And in another two or three years, when a politician manages to convince the public that even consensual sexual activity with someone under sixteen, even if the partner is also under sixteen, is a criminal, registerable offense, will there be an outcry then?

I began this by speaking of the days before the world went mad. I remember seeing an image in textbooks when I was growing up, one that had become an icon for what we had believed was the end of madness, one that symbolized hope that sanity would return to the world. It was Alfred Eisenstaedt's  photograph taken in Times Square on VJ Day of an American sailor kissing a young woman who appears to be in a nurse's uniform. There is probably no one reading this who isn't familiar with it and the story behind it.

If that were happening in the world of today, would he be arrested on the spot and charged with sexual battery and required to register as a sexual offender?

And would there be any outcry?

Friday, December 6, 2013

Registered Sex Offenders and Parks--Can They Ever Co-exist?

I have just watched the San Antonio City Council vote unanimously to further restrict where San Antonio citizens who are listed on the sex offender registry may live and go in regard to city parks.

Watching this, it was clear it was a done deal. While advocates for fact-based laws spoke, begging the council to think this through more thoroughly and to be sure they had read the research, only one, a law enforcement officer, spoke for it, citing the need to have this as a tool in protecting children.

Recent incidents in public parks have been committed by those not on the registry. This ordinance would have offered no protection against them.

If the ordinance were more narrowly tailored to target registrants whose offenses were against children or, even more appropriately, registrants who have a history of luring children from public places, it would not be so offensive.
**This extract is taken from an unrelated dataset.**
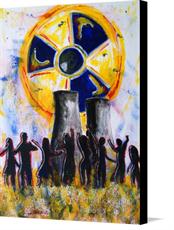 Canvas print of Radioactive - New Generation by the artist artbasik Michael Rados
This is not the case. It will affect the grandfather who had an adult victim 25 years ago, totally paid his legal obligation, has never re-offended, and takes his grandchildren to the park on a regular basis. It will affect the father who is on the registry for an illegal but otherwise consensual sexual relationship with his high school sweetheart who has been for years his wife and mother of the children that he may no longer take to the park. It will affect the young man who was innocent of the accusations against him but was nonetheless convicted and required to register for life.

The only redeeming aspect of this ordinance is that it will not affect registrants who are already living in what will become restricted areas. But when they move, it will affect them. Due to the broad and ever growing range of what are considered sexual offenses, Texas adds an alarming number of individuals yearly to the registry. For those who live in or move to San Antonio, their already limited access to housing will be even more limited and difficult to obtain, a factor that research studies show works against rather than for public safety.

Theoretically, a registrant can apply for an exemption from the policy. When a council member pressed for assurance that this was a fact in reality, no one there could clearly articulate an answer. Finally someone managed to say that yes, if a registrant applied for an exemption before March 1st and it was granted, then if he were arrested/cited for being in a park, his exemption would serve as an affirmative defense.

That is not the same thing as being exempt from the ordinance.

San Antonio has enacted this day an ordinance that is contradicted by everything empirical data says about residence and presence restrictions against registered citizens. Other cities, having enacted them several years ago, have reversed them when lawsuits, wasted tax revenue, and other negative consequences made it clear they had made the wrong choice.

I await the day when the San Antonio city council reaches the same conclusion.